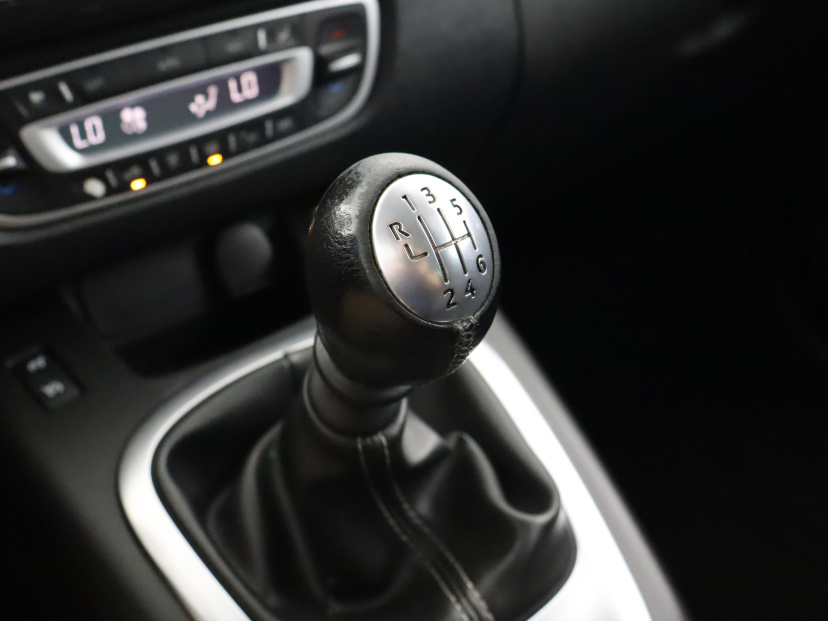 Renault Grand Scenic, 2015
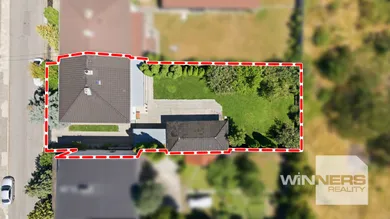 Na predaj 5-izbový dom, 192 m², Rovinka
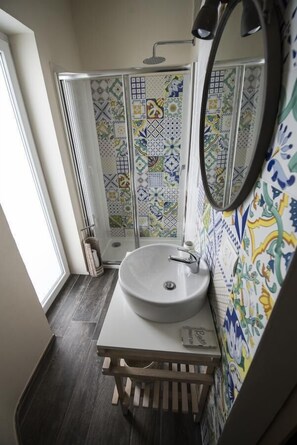 Dusj, regndusjhode, toalettartikler (inkludert) og hårføner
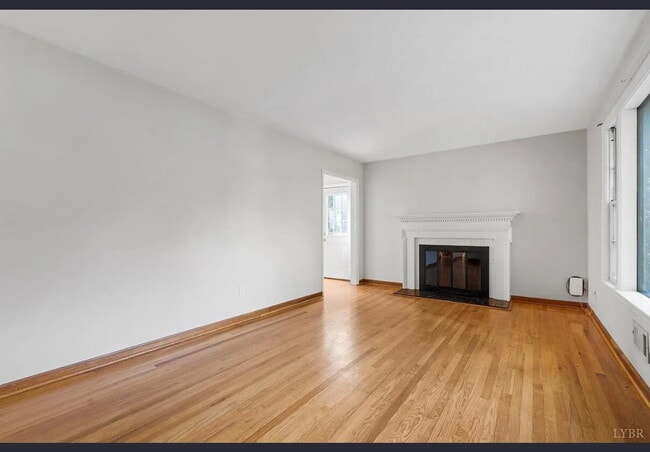 Photo - 3 bed 1 bath home in Sandusky area. Unit A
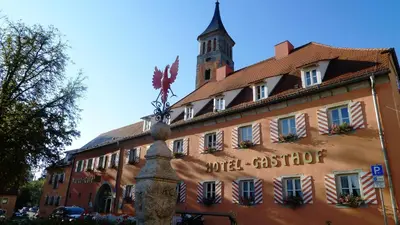Das Gebäude in dem sich das Hotel befindet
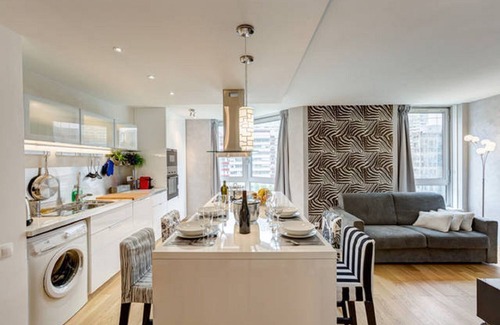 Gambetta Apartment | Design Apartment @ Paris La Defense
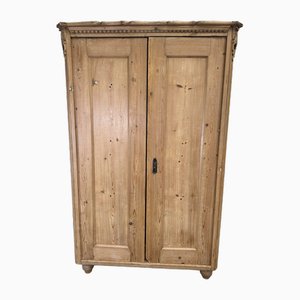 French Pine Armoire Linen Cupboard, 1860s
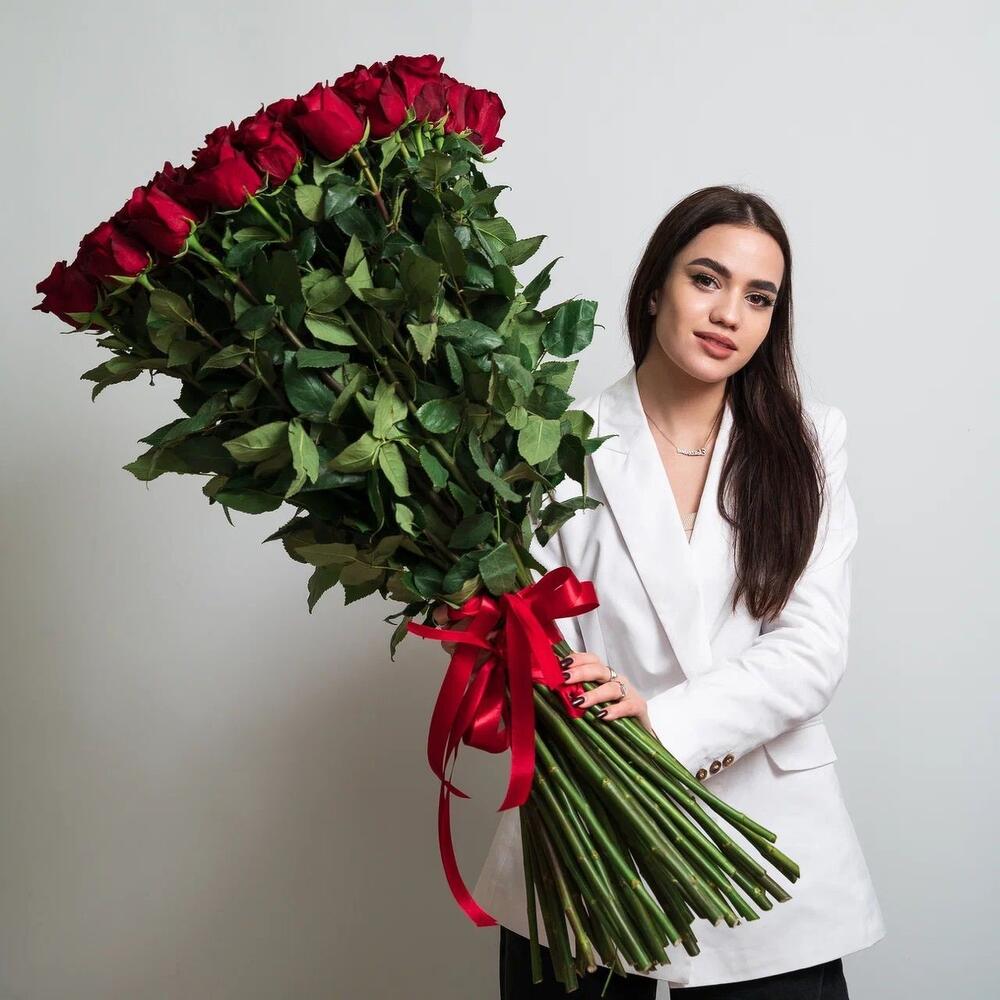 Роскошный букет из 51 красной розы – воплощение безграничной любви Чаплыгин Липецкая область
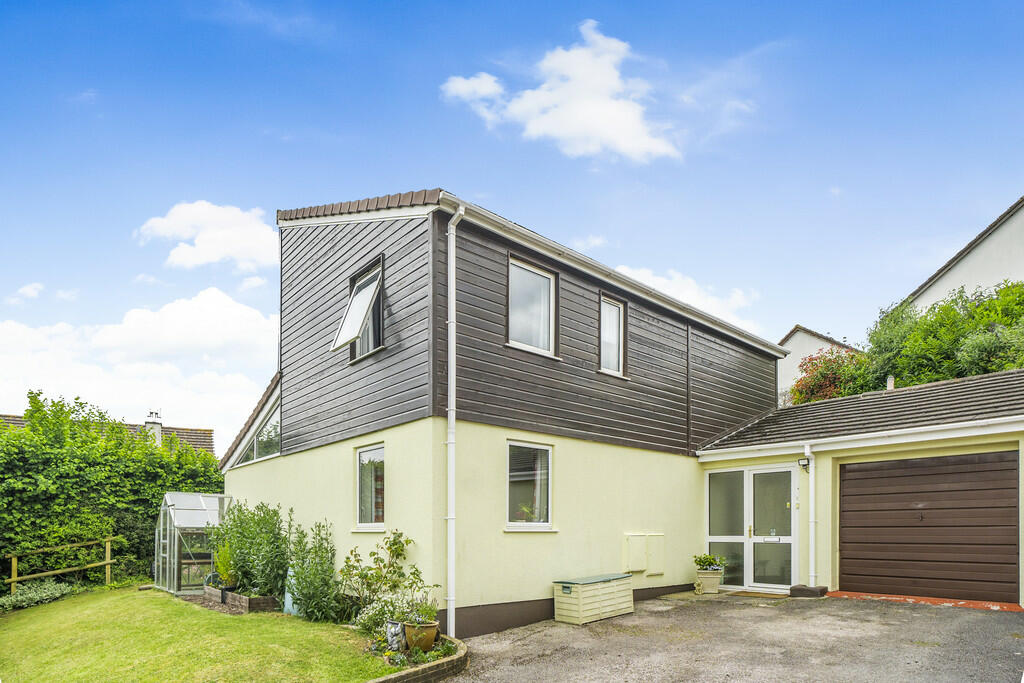 3 bedroom link detached house for sale in River Valley Road, Chudleigh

◇ ◇ ◇

Would you retype the listing above exactly, omitting its pictures?

 Renault Grand Scenic, 2015
 Na predaj 5-izbový dom, 192 m², Rovinka
 Dusj, regndusjhode, toalettartikler (inkludert) og hårføner
 Photo - 3 bed 1 bath home in Sandusky area. Unit A
Das Gebäude in dem sich das Hotel befindet
 Gambetta Apartment | Design Apartment @ Paris La Defense
 French Pine Armoire Linen Cupboard, 1860s
 Роскошный букет из 51 красной розы – воплощение безграничной любви Чаплыгин Липецкая область
 3 bedroom link detached house for sale in River Valley Road, Chudleigh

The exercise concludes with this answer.